100th video up

Just six months ago, I started a YouTube channel, What is cybersecurity?, to provide short videos (most are under 4 minutes and all are currently well under 10 minutes) discussing topics and issues in cybersecurity. I’ve spent 25+ years in the field (well before anyone called it “cybersecurity”) and had been wondering how people get into it these days. In particular, I’m aware that not everyone processes information in the same way, and that for many people, short video content is there preferred way of gaining new knowledge. So I decided that this was what I’d do: create short videos, publish frequently and see how it went.

Today, the 100th video was published: What is data privacy?
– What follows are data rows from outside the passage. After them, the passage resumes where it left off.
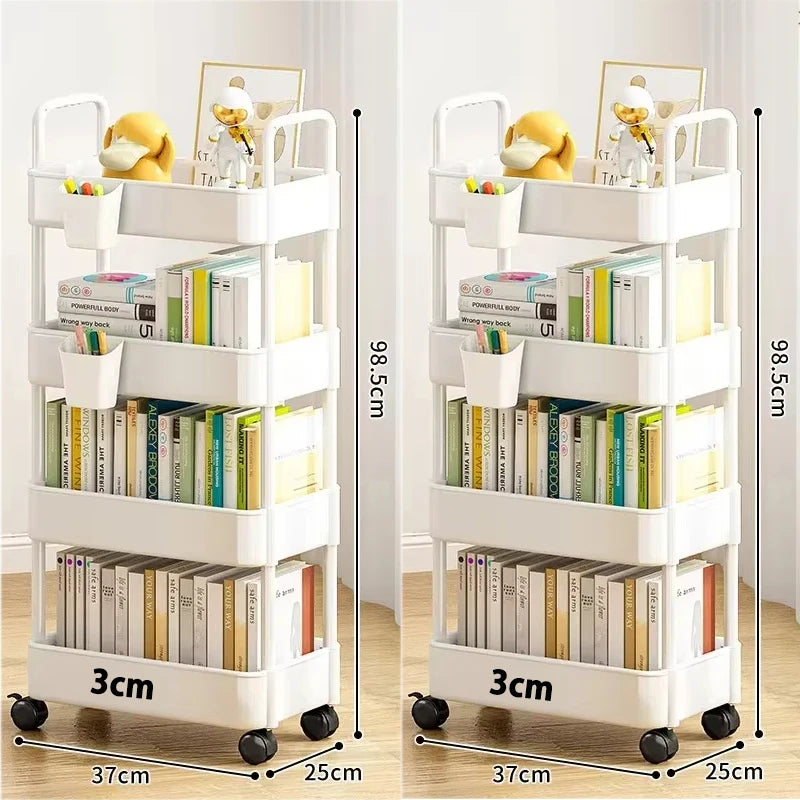 Carro de almacenamiento de estantería, carrito organizador de cocina móvil con ruedas, estantes de baño multicapa, estante de almacenamiento de aperitivos para el hogar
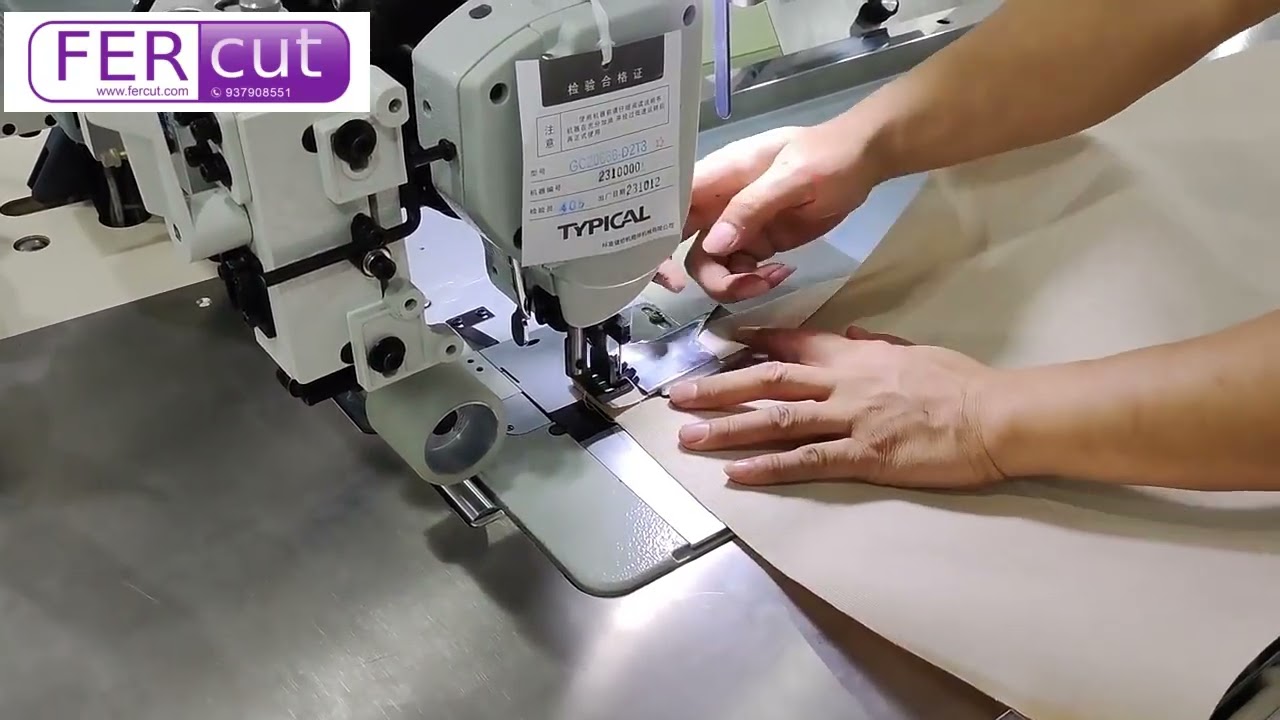 Sistema de costura automático con mesa conveyorizada para uniones y dobladillos Toldos
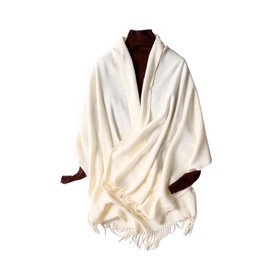 maikun Women's Scarf, Large Scarf, Wool, Scarf, Women's, Large Stole, Wedding, Thick, Student, Solid Color, Pair of Birthdays Gift, Christmas Gift, wool-white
To celebrate this, here’s a post describing various aspects of the process.

Methodology

I thought it might be interesting to people to understand how I’ve gone about choosing the topics for videos. When I decided to do this, I created a long list of topics (the initial list was over 150) and realised very early on that I was going to have to start with simple issues and build up to more complicated ones if I wanted to be able to address sophisticated concepts. This meant that I’ve started off with some of the basic building blocks in computing which aren’t specifically security-related, just because I wanted to be able to provide basic starting points for people coming to the field.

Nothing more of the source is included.